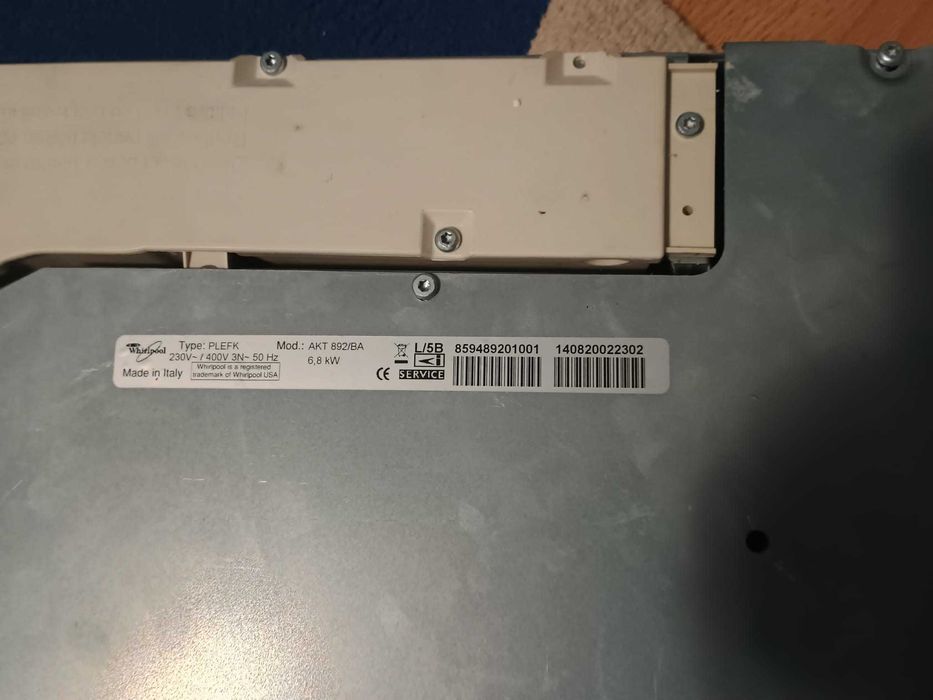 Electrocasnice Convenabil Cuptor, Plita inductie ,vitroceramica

--

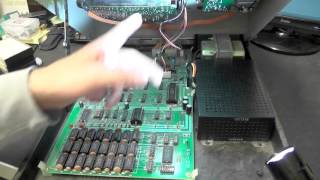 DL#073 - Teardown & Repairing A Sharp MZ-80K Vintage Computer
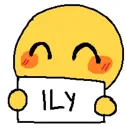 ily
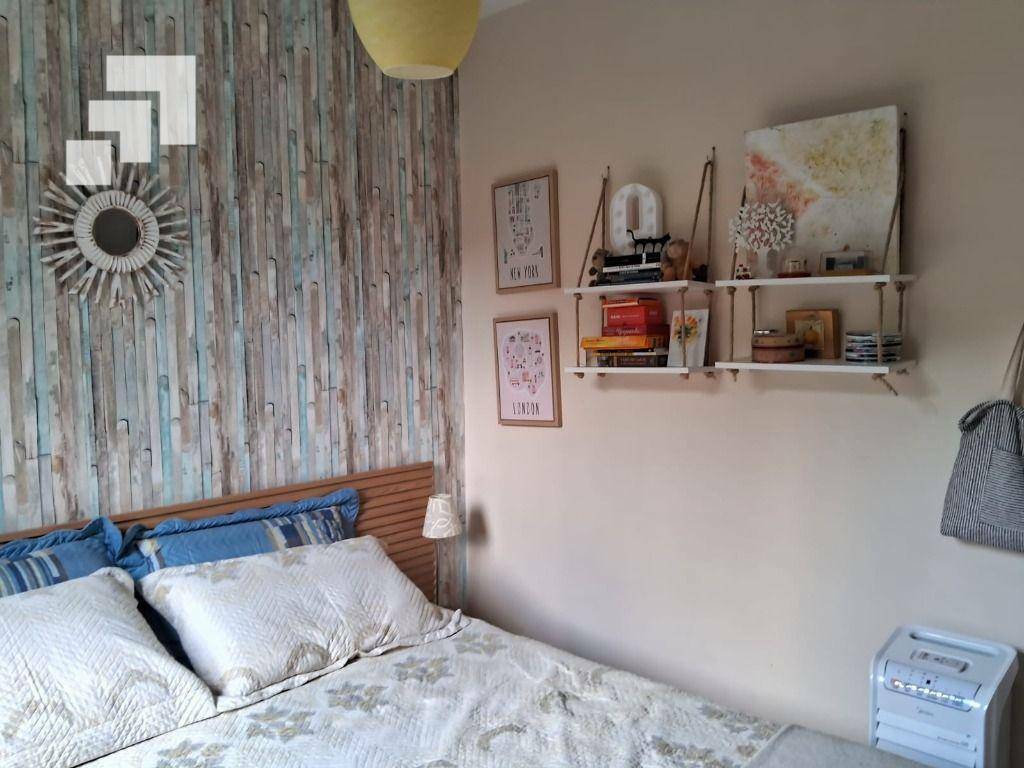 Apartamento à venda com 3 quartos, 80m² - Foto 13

[WHAT YOU HAVE TO DO] Starting at the line with "DL#073 - Teardown" and finishing at the line with "Apartamento à venda", copy the material above exactly, both lines included. Nothing else goes in, and no pictures.

[RESULT OF THIS EXERCISE]
 DL#073 - Teardown & Repairing A Sharp MZ-80K Vintage Computer
 ily
 Apartamento à venda com 3 quartos, 80m² - Foto 13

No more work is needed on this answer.